Myths from Persia, £8.99
Height: 30.000 cm
Width: 18.200 cm
Thickness: 7.700 cm
Gift of Dr. M.Y. Young
Room 52: Ancient Iran
Carved limestone stela with a figure of a god
Probably Parthian, late 2nd - early 3rd century AD
From Masjid-i-Suleiman, western Iran
Hermes, the messenger god, or a local counterpart
This grey limestone stela comes from the religious terrace-site of Masjid-i Soleiman in the kingdom of Elymais in western Iran, a semi-autonomous regional centre within the Parthian empire. Although the figure has been identified as either Athar, god of fire, or as Herakles, it probably depicts Hermes, the Greek messenger of the gods, or his local counterpart. He seems to have wings on his head and, like Hermes, he carries a bag in one hand and a staff - or at least an object that may be a staff - in the other.

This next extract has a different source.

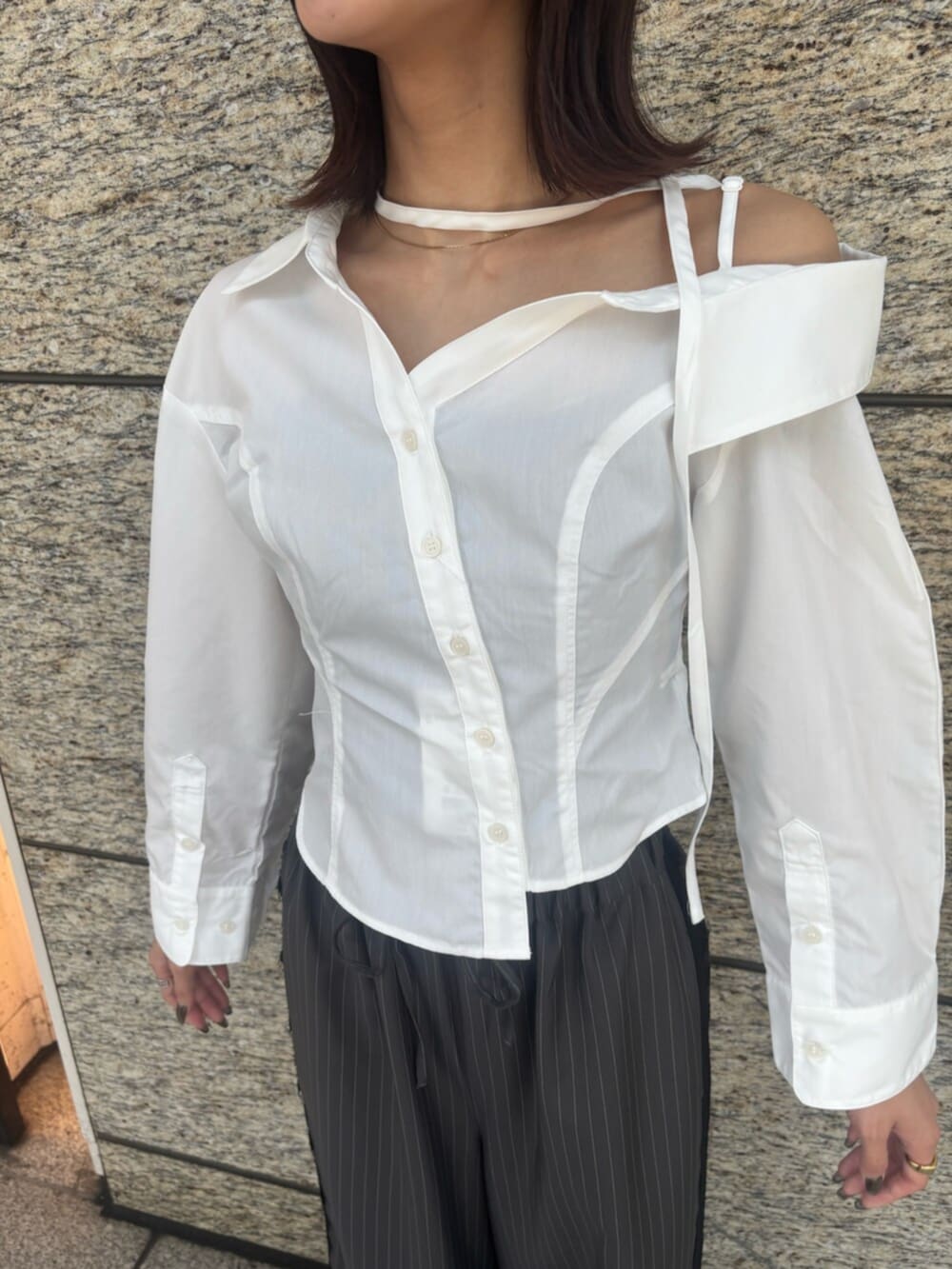 ブラック系のパンプス、グレー系のその他パンツ、ホワイト系のシャツ/ブラウスを着用したレディースの秋コーディネートの4枚目の写真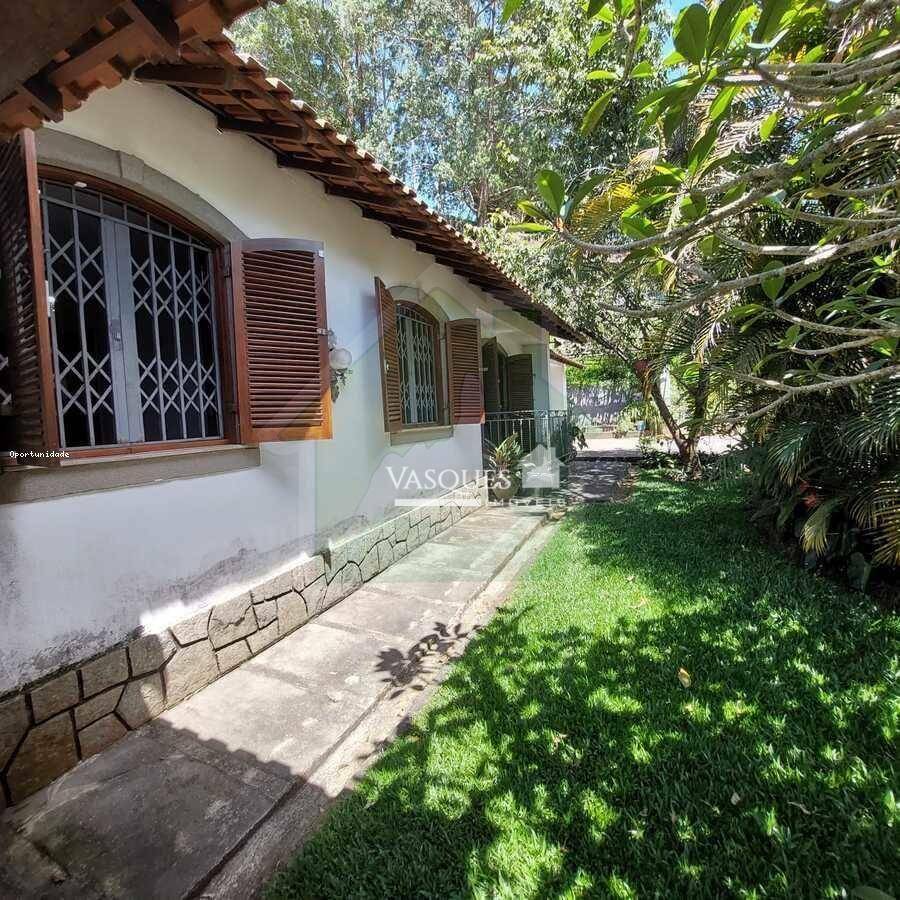 Casa à venda com 3 quartos, 316m² - Foto 25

During the first two centuries of Parthian dominance the originally nomadic Parthians had continued to be strongly influenced by Hellenism, but by the first centuries AD a new spirit of independence appeared in their art, which moved away from Greek styles. The introduction of frontality also marked a break with previous Near Eastern tradition (while heads had previously been shown frontally, the lower part of the body had always been shown in profile). This continued under the later Sasanians and was eventually adopted into Byzantine art.
J. Curtis, Ancient Persia-1 (London, The British Museum Press, 2000)
D. Collon, Ancient Near Eastern art (London, The British Museum Press, 1995)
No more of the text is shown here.